Details here. That's a good break for UT Austin, since it will allow Powers to deal with the legislature during the next two-year budget cycle, finish the capital campaign and also launch the new medical school. It also means that the new President will not be chosen by Rick Perry--both the neanderthal Perry and the current Chancellor of the UT System will be gone by then.
I used to annoy my friends in New York and my friends in Texas by remarking that both places were the same: highly political, with competing "mafias" (not just the "Godfather" kind) wielding power and cutting deals. Obviously, the powerful "friends of Bill" made it clear that railroading him out of town wasn't going to happen without a bloodbath, and good for them for doing so. I guess I wouldn't be wholly astonished if come next Spring, with Perry gone, a new Governor and a different Board of Regents changed their mind about the planned resignation--bear in mind that the Texas legislature is only in session every other year, and they will be in session in Spring 2015. My bet is that key players in the legislature are already getting to work on stripping the Board of Regents of the power to meddle any further.

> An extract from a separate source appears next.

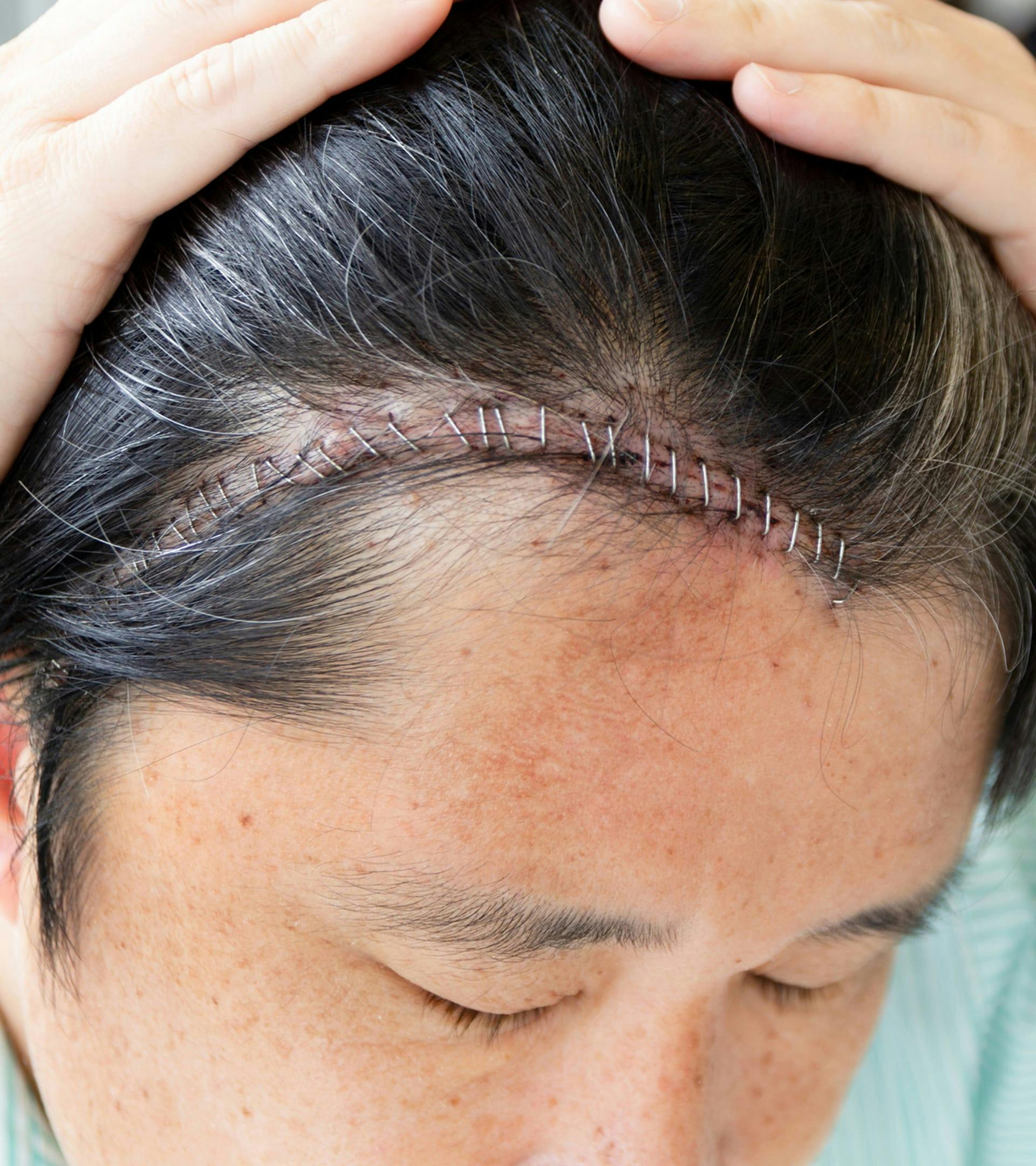 Closeup of stitches on a woman's forehead.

For a little context, let me share two stories from the 1960s in Texas, since political meddling with the university is nothing new, alas. Both involve Page Keeton, a very famous torts scholar who was Dean of the Law School at Texas for 25 years (from the late 1940s until the early 1970s) and was, like Powers, a powerful political figure in the state in his own right. He was also someone with a pretty good moral compass, considering the political battles he had to fight.
To get some flavor of the man: In the late 1950s, Keeton forced the big Houston law firms to stop discriminating against Jews after a Jewish student (who went on to a brilliantly successful career at a major Houston firm) mentioned to Keeton that he was told he couldn't be hried by the firm now known as Vinson & Elkins because "Judge Elkins said we don't hire Jews." Keeton summoned several of the senior faculty and told them to call their former students at the major Houston firms and explain that if they didn't start hiring Jewish students, they would no longer be welcome to interview on campus. They all caved, and so the major Houston law firms started hiring Jews in the late 1950s, while many of the "white shoe" law firms in New York continued to discriminate against Jews into the late 1960s.
But back to political meddling. During the civil rights era, many law faculty were involved in efforts to end segregation, expand voting rights and the like. In 1964, the Board of Regents summoned law professor Ernest Goldstein to appear before the Board to "explain" his civil rights activities, about which the Board was concerned. Page Keeton and the late Charles Alan Wright (law readers will know who Wright is, but I'll just note that Justice Ginsburg called him "a colossus atop the profession") drafted a letter to the Board, and secured signatures from the entire law faculty, stating that if Prof. Goldstein were forced to appear, the entire law faculty would resign. The Board backed down.
Later in the 1960s, the Texas legislature would pass budgets that included funding for the university, and then strike the salary lines of law faculty they thought were too "liberal" or "radical." Seriously! Keeton would mobilize his supporters around the state to force the legislature to restore the funding. I'm told this happened more than once!
And that's Texas. I'm very happy for my friends at UT Austin that Bill Powers, like Page Keeton before him, emerged triumphant over the forces of darkness.